__Data provided__.

__________________________________________________

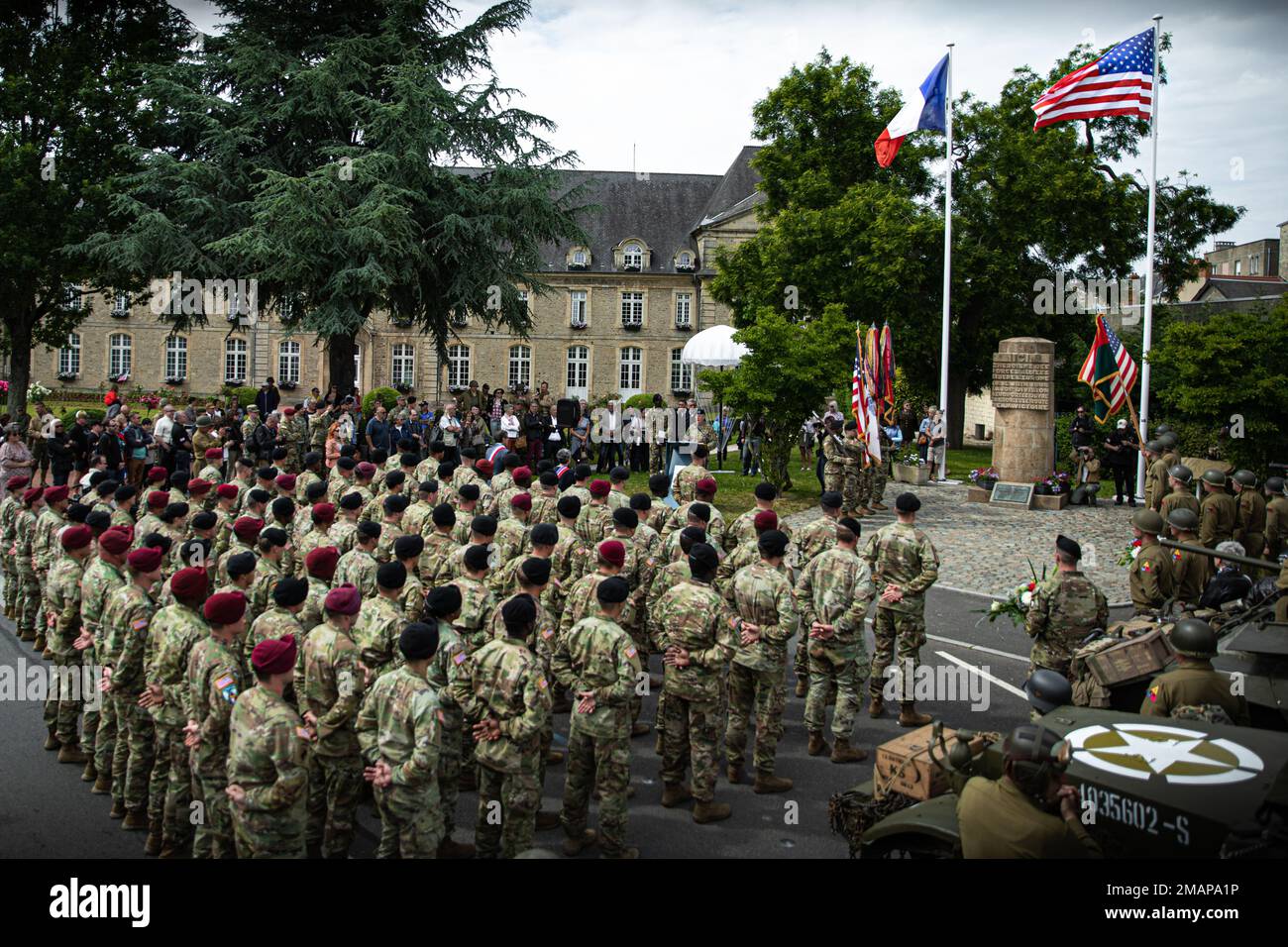 ÉTATS-UNIS Le général de division Joseph P. McGee, commandant général de la division aéroportée de 101st, prononce un discours avant le dévoilement d'une stèle dédiée à la division blindée de 2nd à Carentan, en France, au 2 juin 2022. Banque D'Images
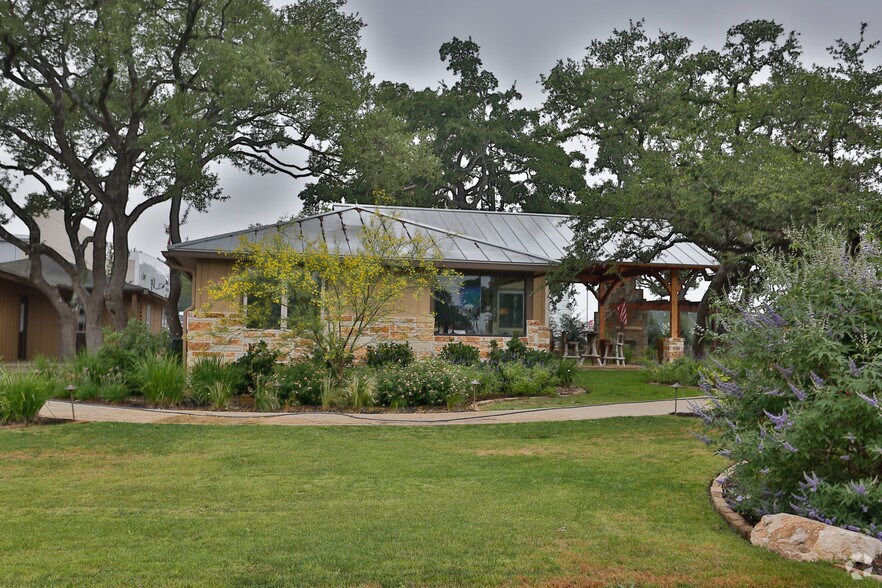 More Photos Of 32255 IH-10 W, Boerne Loft Creative Space For Lease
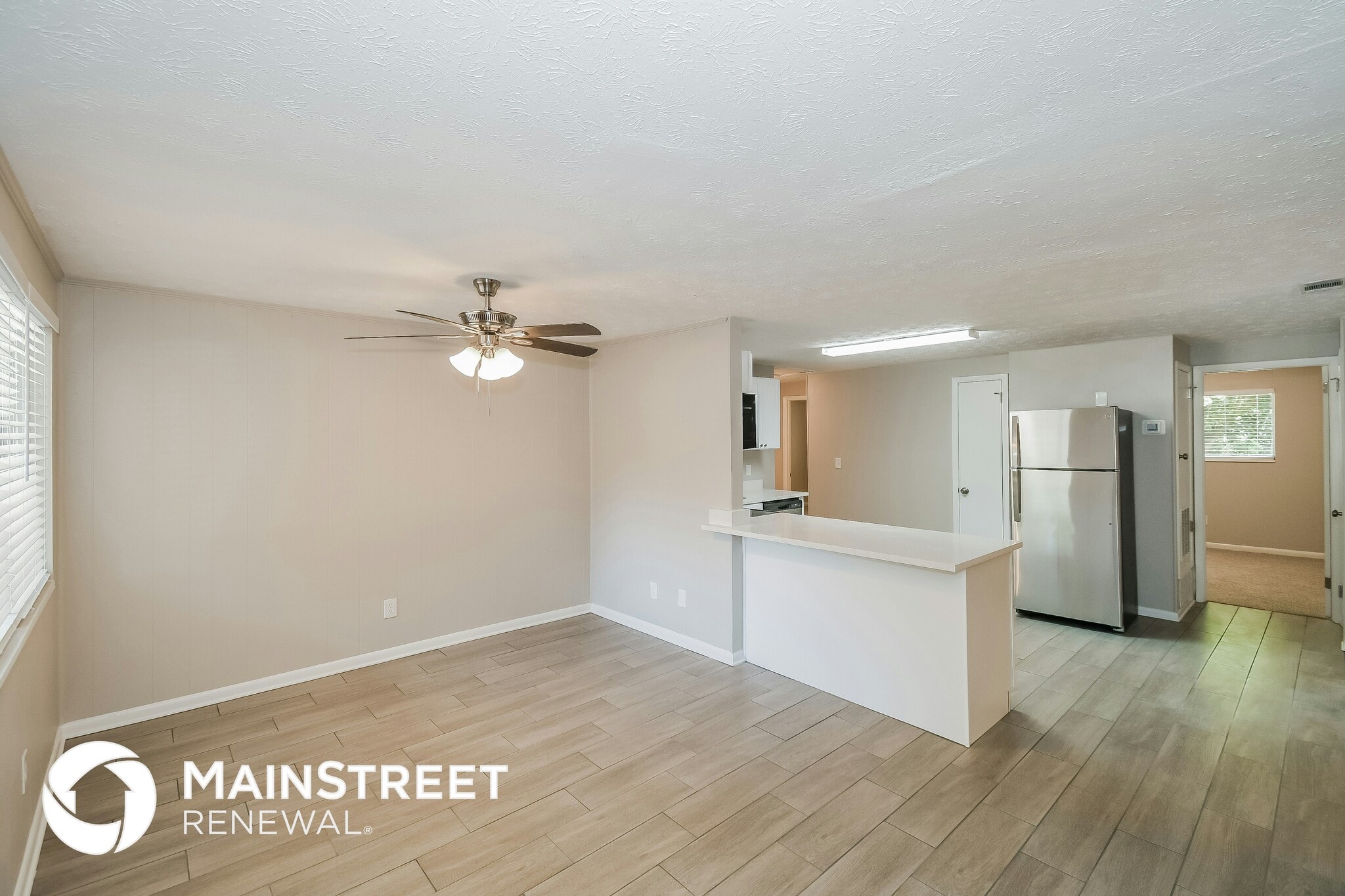 Building Photo - 4425 Jana Ln N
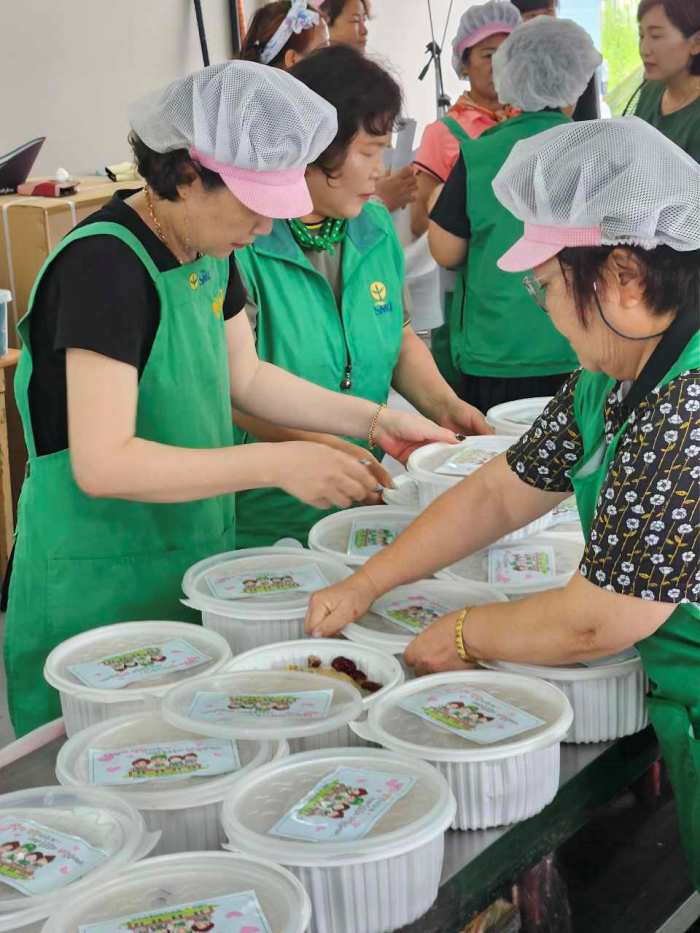 경남 밀양시새마을부녀회, 「사랑의 삼계탕 나눔 진행」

__________________________________________________

__Exercise requirements__.
Output each line above exactly. Skip the images.

__Written reply__.
 ÉTATS-UNIS Le général de division Joseph P. McGee, commandant général de la division aéroportée de 101st, prononce un discours avant le dévoilement d'une stèle dédiée à la division blindée de 2nd à Carentan, en France, au 2 juin 2022. Banque D'Images
 More Photos Of 32255 IH-10 W, Boerne Loft Creative Space For Lease
 Building Photo - 4425 Jana Ln N
 경남 밀양시새마을부녀회, 「사랑의 삼계탕 나눔 진행」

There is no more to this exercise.